Introduction

In 1977 the idea of applying statistical analysis to American professional sports was popularized with Bill James and the introduction of Sabermetrics. However, professional sports tend to be very conservative and slow to change and you still see articles and comments from players and coaches on how their favored sport can not be boiled down to just data. Baseball began to explore the use of metrics in the 1990’s and early 2000’s and over the last 10 years we have slowly seen the NFL, NBA, HNL, and Professional Soccer Leagues begin to explore the application of data analytics in their own sports. In this project we will apply the tools that we have learned this semester to build a recommender system for NFL play calling.

My interest in this topic is of a personal nature. I have spent 13 of the last 15 years as a high school football coach and spent 3 years as an offensive coordinator and play caller. Currently calling plays in football is based on a mixture of hours of video work, trying to find tendencies and weaknesses in the opponents defense and an intuition of how your opponent will adjust throughout the game. You will also often take the time during the week to script the first 10 to 15 plays to get a feel for how a team will adjust to you. This leads to the production of the massive, although not nearly as large in high school, play calling cards with everything that you think that will work for any given situation. The idea for this recommender is to provide a type of play and a direction to run the play in. For example we would like to indicate that it’s first and 10

Data

For this project we will be using the play by play data for 2013 through 2016 seasons sourced from NFL Savant. The data is contained in a series of 4 csv files broken down by year. Lets load in one of the files and see what we have in the data.

pbp_2016 <- read.csv("../data/nfl/pbp-2016.csv")
head(pbp_2016)

We can see that the play-by-play data contains the following variables which may be of interest in our recommender:

Description of the Recommender System

We can see from the previous section that there are a number of variables in the data set and some of which can be useful to our recommender and some which will not be. Our plan is to take the down and distance information, either with actual distance or broken into short, medium, and long and recommend the play, play type and direction, that results in the most yards. Given that pass plays routinely gain more yards then runs we will recommend the best 3 passes and best 3 runs in that situation. While it would be nice to provide more information about what play to call this is not included in our data and varies on a team-by-team basis. We also will use the past 4 years of data to help provide enough data to avoid cold start issues.

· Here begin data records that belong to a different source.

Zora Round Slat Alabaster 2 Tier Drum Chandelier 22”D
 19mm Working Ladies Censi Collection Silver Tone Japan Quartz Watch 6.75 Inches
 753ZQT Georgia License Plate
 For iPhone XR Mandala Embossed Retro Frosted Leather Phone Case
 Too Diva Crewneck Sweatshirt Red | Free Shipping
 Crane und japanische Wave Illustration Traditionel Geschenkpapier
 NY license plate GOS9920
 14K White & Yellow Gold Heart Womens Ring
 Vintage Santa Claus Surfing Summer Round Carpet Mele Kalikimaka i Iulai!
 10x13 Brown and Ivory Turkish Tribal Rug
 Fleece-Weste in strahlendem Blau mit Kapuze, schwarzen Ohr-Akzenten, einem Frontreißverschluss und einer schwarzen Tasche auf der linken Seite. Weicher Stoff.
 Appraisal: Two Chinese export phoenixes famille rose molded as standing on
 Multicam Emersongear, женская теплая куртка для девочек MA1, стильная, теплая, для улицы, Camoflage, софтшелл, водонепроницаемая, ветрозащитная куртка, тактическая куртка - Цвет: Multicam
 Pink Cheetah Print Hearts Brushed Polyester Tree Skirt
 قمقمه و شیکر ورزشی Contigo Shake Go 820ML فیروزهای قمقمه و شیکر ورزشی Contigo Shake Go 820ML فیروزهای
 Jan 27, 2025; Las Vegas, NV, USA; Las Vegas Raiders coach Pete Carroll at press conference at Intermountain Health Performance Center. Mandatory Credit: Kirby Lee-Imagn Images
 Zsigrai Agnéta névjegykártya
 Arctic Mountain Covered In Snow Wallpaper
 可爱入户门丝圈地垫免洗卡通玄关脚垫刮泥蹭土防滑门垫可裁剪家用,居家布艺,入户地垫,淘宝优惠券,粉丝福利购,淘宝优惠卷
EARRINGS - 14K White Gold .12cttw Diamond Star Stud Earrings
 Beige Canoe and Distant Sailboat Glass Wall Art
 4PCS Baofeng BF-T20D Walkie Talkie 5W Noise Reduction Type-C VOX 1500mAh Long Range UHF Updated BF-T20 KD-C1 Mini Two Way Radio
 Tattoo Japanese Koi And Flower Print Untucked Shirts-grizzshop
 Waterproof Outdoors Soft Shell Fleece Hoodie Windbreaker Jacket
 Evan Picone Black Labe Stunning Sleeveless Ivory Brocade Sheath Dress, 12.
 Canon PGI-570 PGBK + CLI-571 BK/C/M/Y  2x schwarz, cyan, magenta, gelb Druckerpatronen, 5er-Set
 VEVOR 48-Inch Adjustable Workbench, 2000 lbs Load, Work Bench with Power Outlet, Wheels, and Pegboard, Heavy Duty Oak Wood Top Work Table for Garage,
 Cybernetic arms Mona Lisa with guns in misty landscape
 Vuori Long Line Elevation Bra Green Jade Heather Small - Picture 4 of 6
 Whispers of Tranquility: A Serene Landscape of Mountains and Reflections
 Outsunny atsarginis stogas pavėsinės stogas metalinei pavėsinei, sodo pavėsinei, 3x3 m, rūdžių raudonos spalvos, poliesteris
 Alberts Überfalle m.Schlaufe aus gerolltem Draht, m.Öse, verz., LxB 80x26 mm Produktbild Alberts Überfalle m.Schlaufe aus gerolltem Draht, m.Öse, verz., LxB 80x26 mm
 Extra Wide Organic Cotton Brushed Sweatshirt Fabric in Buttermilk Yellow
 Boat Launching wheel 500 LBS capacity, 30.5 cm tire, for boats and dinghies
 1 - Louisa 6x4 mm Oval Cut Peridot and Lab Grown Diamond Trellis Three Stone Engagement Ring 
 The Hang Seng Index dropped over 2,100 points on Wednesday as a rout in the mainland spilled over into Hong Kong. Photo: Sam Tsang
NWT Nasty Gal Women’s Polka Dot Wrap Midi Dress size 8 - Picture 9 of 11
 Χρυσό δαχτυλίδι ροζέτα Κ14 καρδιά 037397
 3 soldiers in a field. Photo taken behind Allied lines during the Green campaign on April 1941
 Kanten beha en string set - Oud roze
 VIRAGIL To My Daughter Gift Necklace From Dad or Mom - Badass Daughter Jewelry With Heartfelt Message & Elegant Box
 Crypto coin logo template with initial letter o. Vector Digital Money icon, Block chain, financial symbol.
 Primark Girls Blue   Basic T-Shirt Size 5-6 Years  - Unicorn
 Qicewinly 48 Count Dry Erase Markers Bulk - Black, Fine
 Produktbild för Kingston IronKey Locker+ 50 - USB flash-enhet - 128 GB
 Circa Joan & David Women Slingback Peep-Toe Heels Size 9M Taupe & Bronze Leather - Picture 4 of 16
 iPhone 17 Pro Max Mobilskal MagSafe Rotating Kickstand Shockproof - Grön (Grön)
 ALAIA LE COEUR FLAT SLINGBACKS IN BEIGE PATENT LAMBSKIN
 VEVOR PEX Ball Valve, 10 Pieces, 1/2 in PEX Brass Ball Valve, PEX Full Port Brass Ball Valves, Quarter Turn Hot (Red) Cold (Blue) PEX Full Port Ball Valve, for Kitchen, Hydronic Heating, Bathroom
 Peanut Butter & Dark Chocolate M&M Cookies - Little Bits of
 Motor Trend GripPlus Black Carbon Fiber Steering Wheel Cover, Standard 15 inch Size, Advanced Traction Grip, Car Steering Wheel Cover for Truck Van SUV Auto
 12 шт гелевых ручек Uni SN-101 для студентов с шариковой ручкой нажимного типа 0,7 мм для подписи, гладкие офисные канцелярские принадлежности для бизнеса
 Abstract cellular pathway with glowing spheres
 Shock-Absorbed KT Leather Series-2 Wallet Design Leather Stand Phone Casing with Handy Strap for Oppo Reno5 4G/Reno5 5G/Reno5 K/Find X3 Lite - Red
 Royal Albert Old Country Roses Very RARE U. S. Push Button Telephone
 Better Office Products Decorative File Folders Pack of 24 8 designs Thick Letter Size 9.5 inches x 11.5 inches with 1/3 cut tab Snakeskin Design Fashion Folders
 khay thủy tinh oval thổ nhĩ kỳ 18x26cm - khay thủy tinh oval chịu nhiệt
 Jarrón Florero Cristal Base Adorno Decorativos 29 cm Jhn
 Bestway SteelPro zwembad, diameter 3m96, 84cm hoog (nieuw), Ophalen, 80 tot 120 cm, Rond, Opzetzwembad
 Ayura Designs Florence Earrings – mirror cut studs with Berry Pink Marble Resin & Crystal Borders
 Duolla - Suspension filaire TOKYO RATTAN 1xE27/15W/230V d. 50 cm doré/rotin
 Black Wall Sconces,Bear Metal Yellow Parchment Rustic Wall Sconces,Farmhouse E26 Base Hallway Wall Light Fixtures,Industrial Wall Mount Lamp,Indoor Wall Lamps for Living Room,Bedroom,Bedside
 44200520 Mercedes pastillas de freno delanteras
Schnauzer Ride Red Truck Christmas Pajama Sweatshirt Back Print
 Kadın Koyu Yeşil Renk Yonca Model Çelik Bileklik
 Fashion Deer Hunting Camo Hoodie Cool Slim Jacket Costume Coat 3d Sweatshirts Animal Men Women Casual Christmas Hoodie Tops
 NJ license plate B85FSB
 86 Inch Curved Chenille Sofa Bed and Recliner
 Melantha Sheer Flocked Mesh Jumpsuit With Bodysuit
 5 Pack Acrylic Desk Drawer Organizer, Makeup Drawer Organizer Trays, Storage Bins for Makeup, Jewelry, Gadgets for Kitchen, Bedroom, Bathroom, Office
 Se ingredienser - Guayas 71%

Given that each team is a unique entity, there is no reason to believe that information about what is successful for the New England Patriots will be the same thing that is successful for the Carolina Panthers. Therefore our recommender system will be based on a single team’s play-by-play data. However we will also compute the recommendations for all teams to see if they are informative to the recommender. We will also implement this recommender for a single NFL team and investigate the feasibility of implementing for all teams.

We also recognize that some plays work better in some parts of the field then others so we would like to incorporate the field position into the data. We are concerned that this may make matrix to sparse eve with 4 years data so we will may end up binning distances together into categories like “Red Zone”, inside opponents 20 yard line, or “Backed Up”, inside our own 20. We also plan to look at some of our other variables to see if they may help us to provide a high quality recommendation.

Implementation Plan

To implement this project we will need to implement the following tasks;

  1. Combine the data from the 2013-2016 seasons.
  2. Clean and augment the data to include our “user” variables of down and distance combinations. Our “item” variables will be the play type and play direction.
  3. Play distance will be our metric
  4. Pick a team to be
  5. Use a Spark implementation to perform ALS (best performing method from the semester and can be implemented in spark)
  6. Build our recommender using the prediction matrix for our team, the prediction matrix for all teams, any other interesting variables that we find or create
  7. Evaluate the recommendation system.